You are going to whip the milk until it gets foamy and begins to form peaks (they won’t be very stiff peaks).
Once the milk looks appropriately foamy, add it to your dry ingredients. You will probably be thinking what I was, which is: There is no way this is going to form dough of any sort. But guess what? I was wrong…
…here is the dough after I combined the ingredients with a spatula. Cool, right?!
I proceeded to knead the dough to form a fairly smooth ball.
The next step is to cut your dough in half…
…then knead one half a bit and roll it out into a 1/2 inch thick round shape as shown above.
Using a pizza wheel, I then cut the dough into 8 triangular shapes. (Side note, I’ve always been horrible at cutting pizzas evenly, but I think my skills are improving vastly!) Those 8 pieces get put on a (Silpat) lined cookie sheet, and you repeat this process with the second half of dough.
Then get a little milk and brush it on top of each scone and lightly sprinkle sugar on top. I didn’t have any fancy sugar on hand, so granulated sugar was what I went for and it still worked just fine.

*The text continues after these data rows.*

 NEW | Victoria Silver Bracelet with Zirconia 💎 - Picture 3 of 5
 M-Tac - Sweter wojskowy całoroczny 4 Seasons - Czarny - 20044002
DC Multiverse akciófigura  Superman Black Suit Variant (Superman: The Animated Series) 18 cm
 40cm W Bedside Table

Then bake the scones for about 20 minutes or until they have risen and are slightly golden on top. Eating them warm is highly recommended. They are not the typical scone consistency and end up being more cake- or roll-like in texture, but I must admit that they were my favorite of the two recipes and a must try cooking adventure. Plus they were not hard to make at all. So ignore your butter staring you down in the fridge and try this healthier recipe…it’s awesomely delicious!
Yields 16 scones
1-1/2 cups all-purpose flour
1-1/2 cups whole wheat flour
1/2 cup Splenda
1 tablespoon baking powder
1/4 teaspoon salt
1/2 cup Heath toffee bits
1-1/2 cups 1% milk (you can see from the photo that I used fat free milk – I substituted a scant 1/4 cup half and half for some of the milk)
Optional: turbinado sugar, 1T butter or milk for tops
1. Preheat oven to 375°F. Line large baking sheet with parchment or use a large baking stone.

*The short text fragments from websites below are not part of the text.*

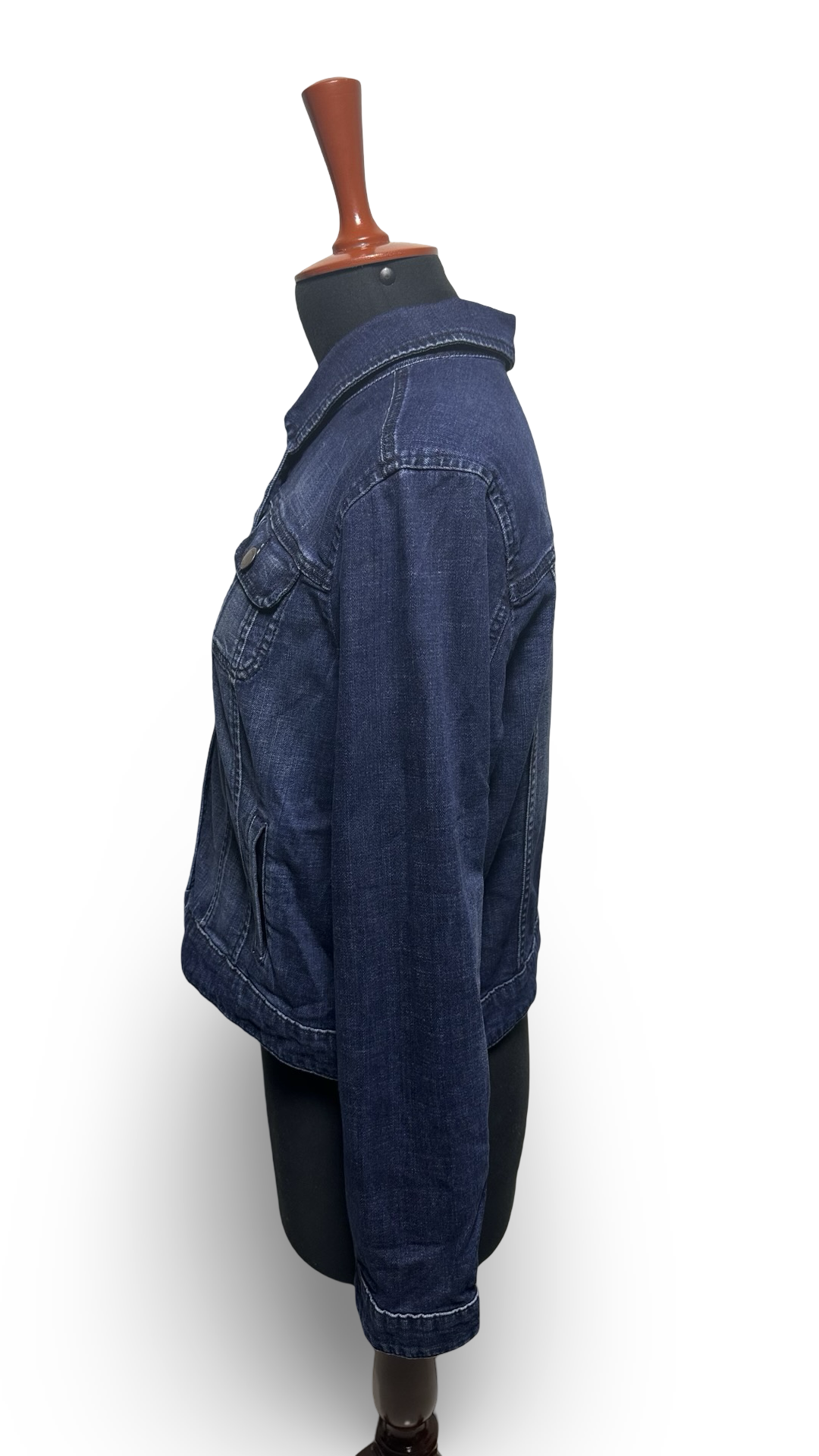 ELLE Women's Classic Casual Denim Jean Jacket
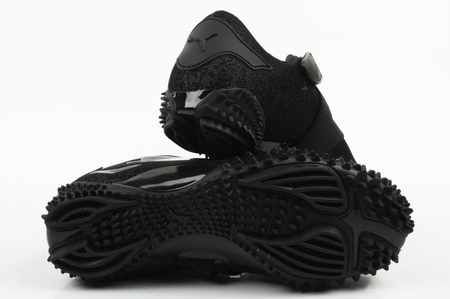 Pantofi sport Puma Mostro Metallic negri cu velcro pentru femei
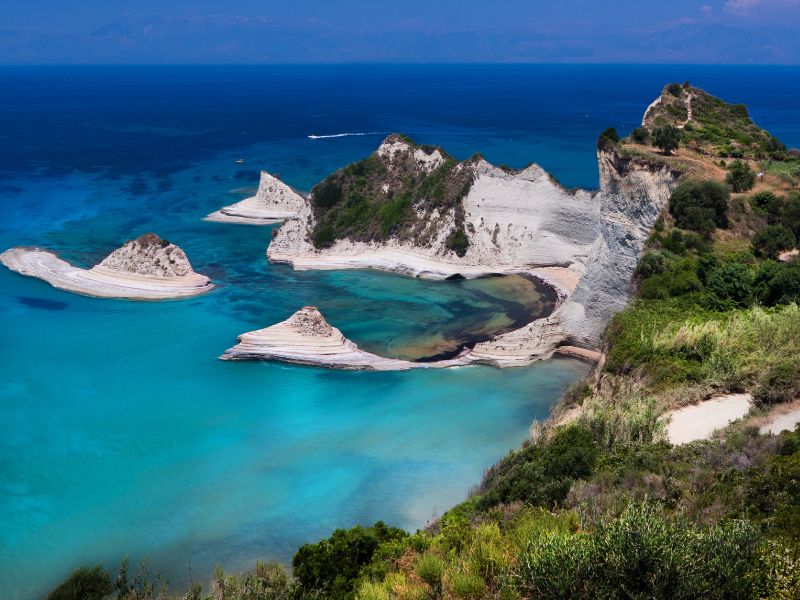 Corfu beach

2. Whisk together flours, Splenda, baking soda and salt in a large mixing bowl.
3. Add toffee bits.
4. In stand mixer or with hand mixer, beat milk until peaks form. It won’t be like whipping cream. Mainly you’ll get lots of foamy milk, creating lots of volume – that’s why you’ll need a large mixing bowl.
5. Add whipped milk to dry ingredients, mix until combined.
6. Turn out on to generously floured counter and knead until a soft dough forms, about 1-2 minutes. It’s going to be sticky. That’s OK. Use just enough flour to keep it from sticking to you and the counter. A bench scraper comes in very handy here!
7. Divide dough in half and roll into 1/2″ rounds. Cut into 8 pieces and place on lined baking sheet or stone. They can be close together; they rise up and not out. 8. Repeat with other half of dough.
8. Brush with milk or butter and sprinkle with turbinado sugar. Note that the milk-brushed scones “crackled”.
9. Bake for about 20 minutes, until scones rise and turn lightly golden brown. Serve immediately or cool completely on racks and store in airtight container.